AT&T (NYSE:T) is pouring a lot of money into content for HBO Max, the forthcoming streaming service from its WarnerMedia subsidiary. It committed to increasing HBO's original productions budget by 50% to about $1.5 billion. It's also creating original content exclusively for HBO Max, and it's licensing a lot of programming from itself and other media companies to provide "10,000 hours of premium content."

All told, the content on HBO Max will cost WarnerMedia between $2.4 billion and $3.9 billion per year, according to a recent estimate from Barclays analysts. That doesn't include the extra $500 million it's spending on HBO originals. 

For reference, Disney (NYSE:DIS) plans to have less than $2 billion in content expenses in its first year of Disney+, but that number will grow to between $4 billion and $5 billion by 2024. The company expects to reach profitability that year with 60 million to 90 million subscribers.

Barclays estimates HBO Max will need to attract 15 million new users on top of existing HBO Now subscribers in order to break even on its content spending. But with WarnerMedia's likelihood of pricing the product at a premium, that might be a considerable challenge.

The HBO Max logo.

Image source: AT&T.

Pricing for scale

WarnerMedia faces a unique challenge when it comes to pricing HBO Max. Its existing subscription video on demand product, HBO Now, costs $15 per month. Moreover, WarnerMedia still relies on pay-TV distributors for the majority of its HBO subscription revenue. 

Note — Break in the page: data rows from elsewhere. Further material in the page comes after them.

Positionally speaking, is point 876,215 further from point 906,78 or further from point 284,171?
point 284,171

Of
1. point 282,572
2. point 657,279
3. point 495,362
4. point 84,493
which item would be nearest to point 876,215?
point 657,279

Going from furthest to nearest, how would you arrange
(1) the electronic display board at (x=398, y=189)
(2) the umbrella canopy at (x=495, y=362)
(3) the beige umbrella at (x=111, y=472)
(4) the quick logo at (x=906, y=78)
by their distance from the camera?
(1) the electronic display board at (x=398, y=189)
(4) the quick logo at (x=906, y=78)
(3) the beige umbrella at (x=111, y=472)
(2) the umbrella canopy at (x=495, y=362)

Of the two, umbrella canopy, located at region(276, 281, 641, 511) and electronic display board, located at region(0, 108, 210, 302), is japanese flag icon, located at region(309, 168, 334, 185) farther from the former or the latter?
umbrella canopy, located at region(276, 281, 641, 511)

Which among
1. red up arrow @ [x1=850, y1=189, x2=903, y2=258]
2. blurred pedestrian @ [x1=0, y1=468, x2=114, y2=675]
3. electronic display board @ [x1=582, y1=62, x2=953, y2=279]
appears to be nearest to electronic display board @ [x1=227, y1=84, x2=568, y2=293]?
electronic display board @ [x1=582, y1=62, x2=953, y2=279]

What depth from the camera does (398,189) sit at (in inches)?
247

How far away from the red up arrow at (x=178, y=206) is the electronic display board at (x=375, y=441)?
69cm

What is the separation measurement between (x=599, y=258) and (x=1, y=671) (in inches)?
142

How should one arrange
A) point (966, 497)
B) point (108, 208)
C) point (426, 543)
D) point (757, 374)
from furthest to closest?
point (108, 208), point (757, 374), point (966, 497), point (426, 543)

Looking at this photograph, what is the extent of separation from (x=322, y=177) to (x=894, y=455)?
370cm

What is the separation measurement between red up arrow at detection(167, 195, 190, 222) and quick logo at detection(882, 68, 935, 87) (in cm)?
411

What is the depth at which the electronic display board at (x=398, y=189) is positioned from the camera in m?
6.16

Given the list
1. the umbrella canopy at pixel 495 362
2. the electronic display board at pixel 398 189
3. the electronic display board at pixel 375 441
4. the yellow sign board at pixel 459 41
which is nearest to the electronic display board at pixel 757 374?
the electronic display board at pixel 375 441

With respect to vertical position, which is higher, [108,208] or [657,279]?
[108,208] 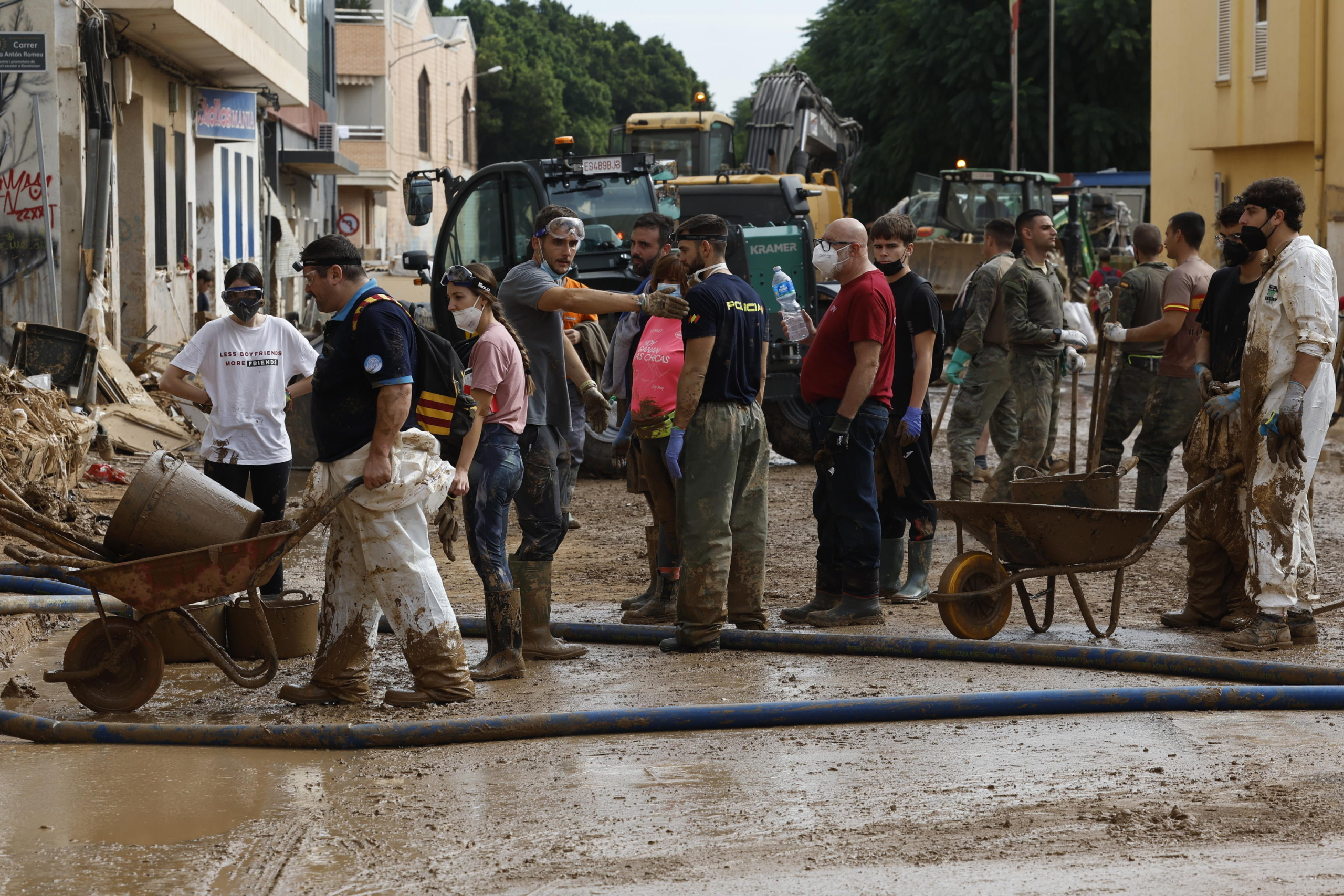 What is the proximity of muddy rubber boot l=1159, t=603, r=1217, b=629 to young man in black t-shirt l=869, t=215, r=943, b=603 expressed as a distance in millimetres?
1236

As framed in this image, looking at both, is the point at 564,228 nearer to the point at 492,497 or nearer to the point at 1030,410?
the point at 492,497

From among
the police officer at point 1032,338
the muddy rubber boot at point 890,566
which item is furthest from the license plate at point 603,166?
the muddy rubber boot at point 890,566

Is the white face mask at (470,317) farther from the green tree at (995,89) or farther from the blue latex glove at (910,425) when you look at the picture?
the green tree at (995,89)

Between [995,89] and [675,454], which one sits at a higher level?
[995,89]

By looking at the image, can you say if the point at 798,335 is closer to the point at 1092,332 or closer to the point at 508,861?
the point at 508,861

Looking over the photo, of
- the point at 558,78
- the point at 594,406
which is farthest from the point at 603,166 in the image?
the point at 558,78

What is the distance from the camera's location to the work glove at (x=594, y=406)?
6980mm

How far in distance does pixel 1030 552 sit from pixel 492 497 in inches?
93.8

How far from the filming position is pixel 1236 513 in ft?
22.1

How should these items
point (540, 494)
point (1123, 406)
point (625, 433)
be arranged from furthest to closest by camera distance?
point (1123, 406) < point (625, 433) < point (540, 494)

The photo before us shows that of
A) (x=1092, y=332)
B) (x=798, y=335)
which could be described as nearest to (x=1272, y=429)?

It priced HBO Now at $15 per month largely to keep those relationships healthy, and now it risks disturbing its cash cow if its HBO Max pricing isn't amenable to its distribution partners. As such, most analysts believe HBO Max will cost the same or more as HBO Now.

Fifteen dollars per month would make HBO Max slightly more expensive than Netflix's (NASDAQ:NFLX) most popular option, more than twice as costly as Disney+, and three times as expensive as Apple's (NASDAQ:AAPL) Apple TV+. 

And while WarnerMedia is spending around twice as much as Disney on content, that doesn't mean it can expect consumers to pay twice as much for its service. Netflix, for example, is spending $10 billion this year on content ($15 billion on a cash basis). But it keeps its price relatively low compared to that content spend by spreading it across 160 million subscribers.

WarnerMedia wants to scale HBO Max -- management says it wants to reach 70 million subscribers -- but its pricing could prevent that. Price is far and away the biggest factor influencing consumers' decisions on which streaming services to subscribe to, according to a recent survey from Flixed.io. That may also be why Disney+ and Apple TV+ topped its list for new streaming services consumers intend to subscribe to.

Its parent company could play an important role

WarnerMedia's content budget necessitates much greater scale than it's likely to achieve anytime soon with its premium pricing. One way AT&T could help boost subscriptions is through bundling HBO Max with its unlimited wireless data plans.

Disney recently struck a deal with Verizon to offer a free year of Disney+ to Verizon's unlimited data subscribers. The pact could help lead to 8 million Disney+ subscribers within the first few weeks of the promotion, and 18 million by the end of next year, according to an estimate from MoffettNathanson.

Similarly, Apple is offering a free year of its streaming video service with every new device purchase. That could lead to tens of millions of subscribers in just a few months.

AT&T has been very aggressive with its bundling strategies in the past. It currently offers its high-end unlimited data subscribers several options for a bundled subscription. It could replace the HBO Now option with HBO Max, or replace the entire menu with a default subscription to HBO Max.

In order for that strategy to be successful, the bundle will have to boost the perceived value of HBO Max and improve subscriber retention for one or both services. Given AT&T's track record, a bundle isn't necessarily a home run strategy. But considering the competition has already struck their own bundling deals (Netflix is part of several distribution bundles), AT&T might not have a better option.